The connectivity specialist

Tim Gee, a healthcare connectivity consultant in Beaverton, Oregon, wondered if Salesforce has what it takes to succeed in healthcare. “How will they aggregate a critical mass of patient data?” Gee asked. He noted that Salesforce integration partner MultiSoft had not previously been in healthcare.

“They’ve made a very big, broad set of claims,” Gee told MedCity News.

“What struck me [about Salesforce Health Cloud] is that it’s an interstitial solution,” one in an immature market, Gee said. “Many buyers don’t realize they’re buying an interstitial solution.”

He also said that messaging middleware, which the Salesforce platform is in some ways, is not new.

However, he sees a big market opportunity in the realm of interoperability, which the Salesforce platform apparently facilitates. “There’s a growing need for solutions that automate workflow between trading partners,” Gee said.

The biggest question Gee has is about the scope of Salesforce’s ambitions in healthcare.

“What’s their position on being regulated by the FDA?” he asked. Nothing in the initial release of Health Cloud appears to be subject to FDA regulation, but if Salesforce eventually offers features that serve therapeutic or diagnostic purposes, the federal agency might take interest, Gee said.

The entrepreneur

Health IT consultant, engineer and entrepreneur Shahid Shah said that the general direction of Salesforce concentrating on “relationships” rather than “records” is “very important for population health.”

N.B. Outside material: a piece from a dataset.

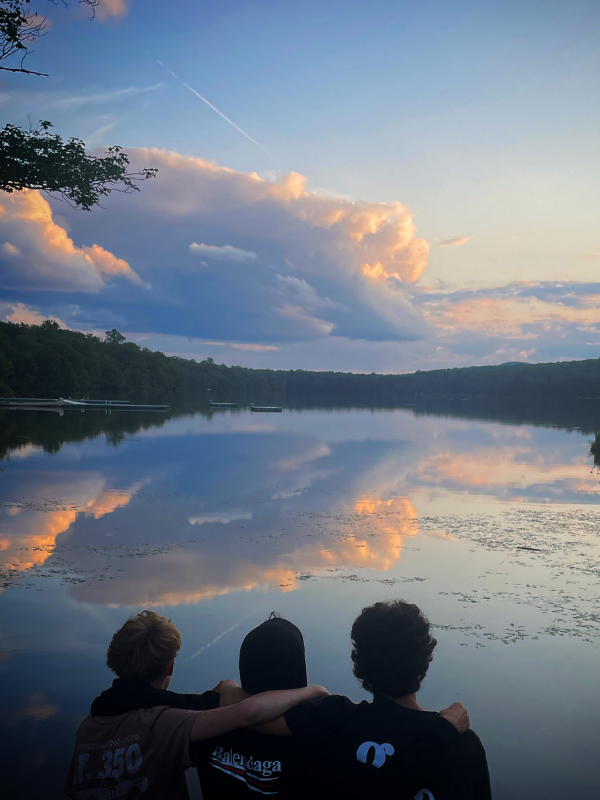Three boys sit with their arms around eachother watching the sun set over fairveiw lake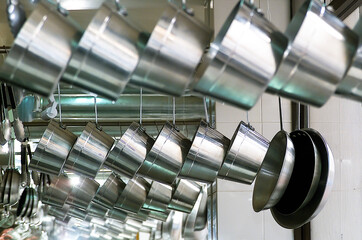 Stainless steel kitchen utensil rack, hanging kitchen utensil set, pans and saucepans in modern...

But he, too, wonders if Salesforce isn’t trying to do too much.

“I like that they’re focused on the complete view of patient data, but without demographic-, treatment-, or condition-specific special views, it’s hard to manage population cohorts,” Shah said in an e-mail.

“Their EHR integrations story is pretty interesting,” Shah said. “It will be really good to keep an eye on that capability. It’s not hard to pull it off technically, but very difficult logistically trying to connect and integrate data from various systems.”